• **Your objective**: Your answer must be an exact copy of all the entries.

[Short descriptive text snippets]

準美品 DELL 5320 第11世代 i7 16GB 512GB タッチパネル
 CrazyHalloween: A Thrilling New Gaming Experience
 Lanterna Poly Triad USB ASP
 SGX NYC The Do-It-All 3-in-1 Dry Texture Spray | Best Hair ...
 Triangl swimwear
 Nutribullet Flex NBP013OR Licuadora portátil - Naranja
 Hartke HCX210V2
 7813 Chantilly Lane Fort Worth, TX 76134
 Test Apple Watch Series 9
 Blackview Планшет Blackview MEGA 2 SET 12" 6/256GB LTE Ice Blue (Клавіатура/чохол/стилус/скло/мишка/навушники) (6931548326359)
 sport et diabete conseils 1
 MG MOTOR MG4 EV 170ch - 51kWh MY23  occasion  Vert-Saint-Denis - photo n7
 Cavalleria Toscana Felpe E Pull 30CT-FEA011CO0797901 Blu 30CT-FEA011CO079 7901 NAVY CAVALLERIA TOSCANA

• **Solution for this exercise**:
準美品 DELL 5320 第11世代 i7 16GB 512GB タッチパネル
 CrazyHalloween: A Thrilling New Gaming Experience
 Lanterna Poly Triad USB ASP
 SGX NYC The Do-It-All 3-in-1 Dry Texture Spray | Best Hair ...
 Triangl swimwear
 Nutribullet Flex NBP013OR Licuadora portátil - Naranja
 Hartke HCX210V2
 7813 Chantilly Lane Fort Worth, TX 76134
 Test Apple Watch Series 9
 Blackview Планшет Blackview MEGA 2 SET 12" 6/256GB LTE Ice Blue (Клавіатура/чохол/стилус/скло/мишка/навушники) (6931548326359)
 sport et diabete conseils 1
 MG MOTOR MG4 EV 170ch - 51kWh MY23  occasion  Vert-Saint-Denis - photo n7
 Cavalleria Toscana Felpe E Pull 30CT-FEA011CO0797901 Blu 30CT-FEA011CO079 7901 NAVY CAVALLERIA TOSCANA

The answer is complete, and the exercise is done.